╭──
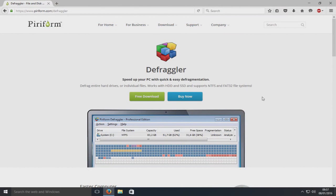Hello and welcome back to another computer sluggish tutorial. Today we're going to take a look at Defraggler.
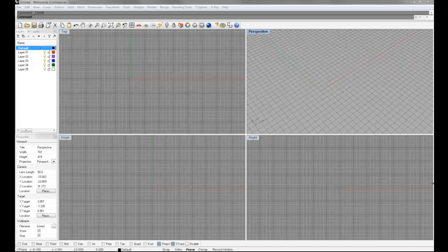And again, Rhino's a great software environment to learn quickly, and I can't emphasize that enough. If you want to learn how to model, and you want to do it quick, Rhino is probably one of your best bets.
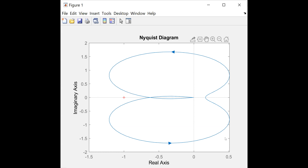So this is how you write the transfer function in the S domain and how you calculate the roots, take the root locus plot, compute the Bode plot, compute the Nyquist plot, and compute the step and impulse response of that system. I hope this is clear — please practice at home. In the next session, we'll do the transfer function in the Z domain — how to write the transfer function in the Z domain.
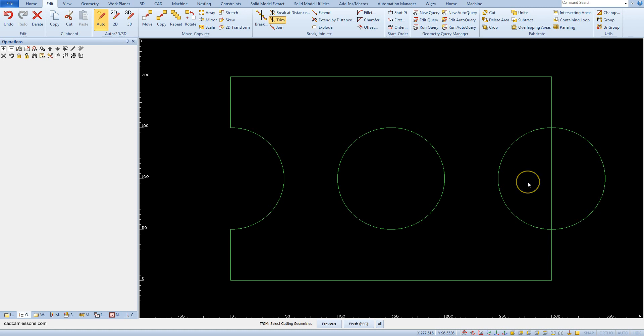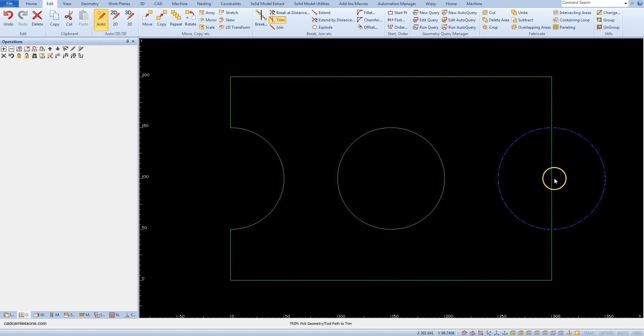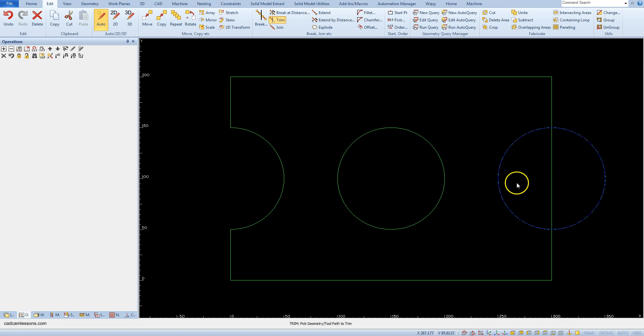As the cutting geometry, the geometry that will be the boundary to crop another geometry, point the circle. Accept the selection and then indicate the geometry you want to cut. We want to cut the fragment of the rectangle side lying inside the circle, so let's click on this geometry.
╰──
> [Task prompt]: Skip the pictures, please, and transcribe only the lines from the beginning of the material through the one that contains "So this is how".

> [Expected answer]:
Hello and welcome back to another computer sluggish tutorial. Today we're going to take a look at Defraggler.
And again, Rhino's a great software environment to learn quickly, and I can't emphasize that enough. If you want to learn how to model, and you want to do it quick, Rhino is probably one of your best bets.
So this is how you write the transfer function in the S domain and how you calculate the roots, take the root locus plot, compute the Bode plot, compute the Nyquist plot, and compute the step and impulse response of that system. I hope this is clear — please practice at home. In the next session, we'll do the transfer function in the Z domain — how to write the transfer function in the Z domain.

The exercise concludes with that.